__DATA TO PROCESS__
-=-=-=-=-

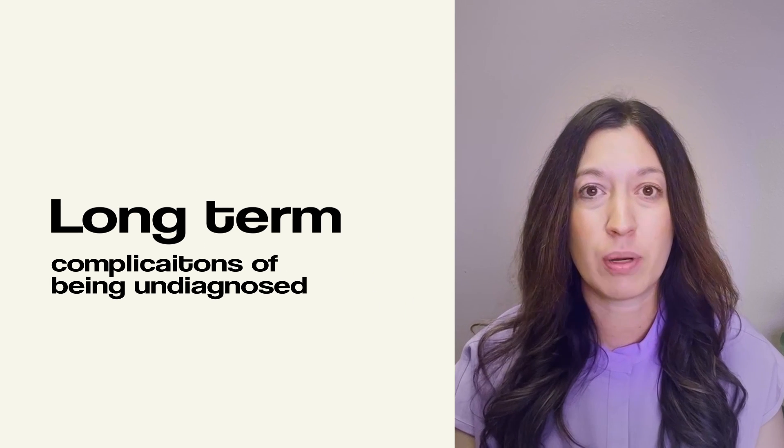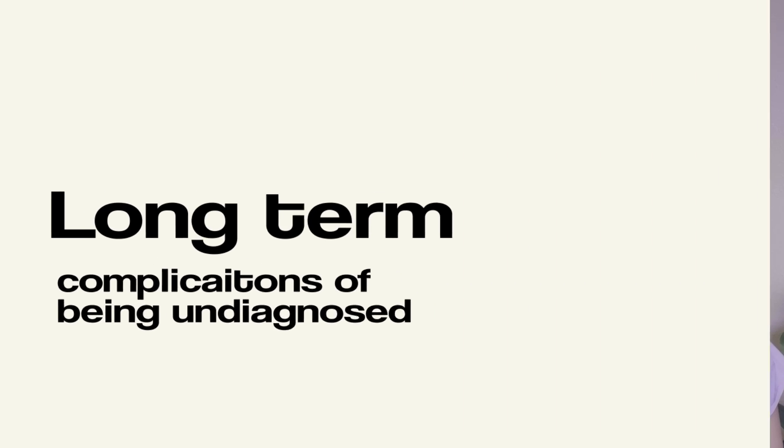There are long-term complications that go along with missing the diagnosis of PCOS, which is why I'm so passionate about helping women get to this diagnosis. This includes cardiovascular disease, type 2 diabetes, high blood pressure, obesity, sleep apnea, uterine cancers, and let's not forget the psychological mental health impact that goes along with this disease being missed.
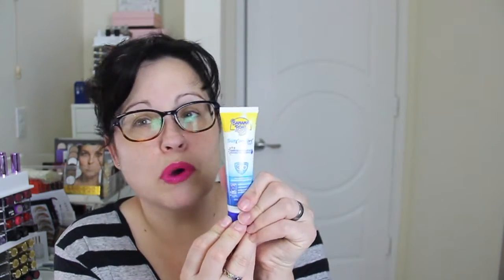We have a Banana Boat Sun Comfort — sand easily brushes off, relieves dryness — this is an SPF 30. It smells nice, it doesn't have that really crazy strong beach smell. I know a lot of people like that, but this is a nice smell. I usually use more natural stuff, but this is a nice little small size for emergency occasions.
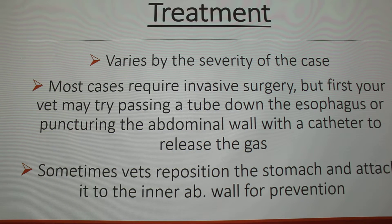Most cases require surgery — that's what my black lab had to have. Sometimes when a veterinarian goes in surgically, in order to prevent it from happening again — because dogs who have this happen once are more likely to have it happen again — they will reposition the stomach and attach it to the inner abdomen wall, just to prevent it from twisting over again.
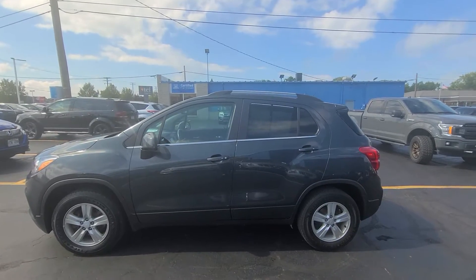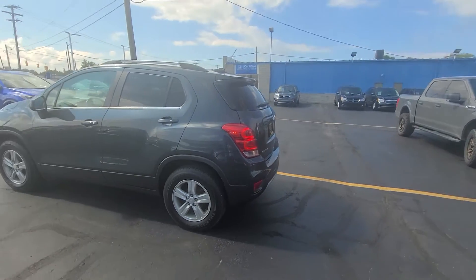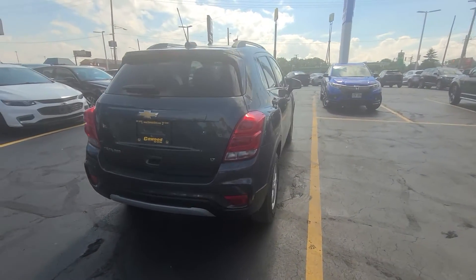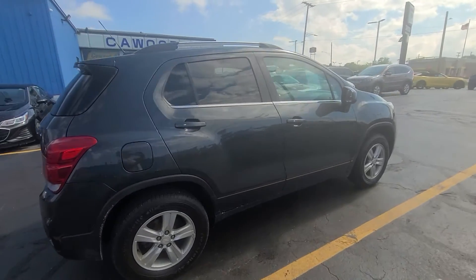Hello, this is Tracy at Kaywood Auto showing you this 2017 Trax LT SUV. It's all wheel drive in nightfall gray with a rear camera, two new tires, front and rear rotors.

-=-=-=-=-

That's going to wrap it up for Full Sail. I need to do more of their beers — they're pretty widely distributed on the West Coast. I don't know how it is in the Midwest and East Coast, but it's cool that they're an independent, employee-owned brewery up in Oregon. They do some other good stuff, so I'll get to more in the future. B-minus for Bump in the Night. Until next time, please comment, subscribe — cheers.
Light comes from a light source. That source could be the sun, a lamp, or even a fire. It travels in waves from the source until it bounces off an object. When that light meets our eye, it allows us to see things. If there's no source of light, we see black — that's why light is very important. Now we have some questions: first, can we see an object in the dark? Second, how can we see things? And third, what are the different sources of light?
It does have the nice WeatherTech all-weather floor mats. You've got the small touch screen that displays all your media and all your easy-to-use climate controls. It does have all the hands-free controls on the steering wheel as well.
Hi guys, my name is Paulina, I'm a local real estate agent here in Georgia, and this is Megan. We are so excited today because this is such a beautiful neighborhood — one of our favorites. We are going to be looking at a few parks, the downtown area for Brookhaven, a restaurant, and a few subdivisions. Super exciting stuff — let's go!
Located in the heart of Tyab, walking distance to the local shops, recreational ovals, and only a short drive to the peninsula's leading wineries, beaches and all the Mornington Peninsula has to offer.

-=-=-=-=-

__ASSIGNMENT__
Your answer should consist of the lines from the line with "It does have the" to the line with "Located in the" above, repeated exactly, both ends included.

__TASK RESULT__
It does have the nice WeatherTech all-weather floor mats. You've got the small touch screen that displays all your media and all your easy-to-use climate controls. It does have all the hands-free controls on the steering wheel as well.
Hi guys, my name is Paulina, I'm a local real estate agent here in Georgia, and this is Megan. We are so excited today because this is such a beautiful neighborhood — one of our favorites. We are going to be looking at a few parks, the downtown area for Brookhaven, a restaurant, and a few subdivisions. Super exciting stuff — let's go!
Located in the heart of Tyab, walking distance to the local shops, recreational ovals, and only a short drive to the peninsula's leading wineries, beaches and all the Mornington Peninsula has to offer.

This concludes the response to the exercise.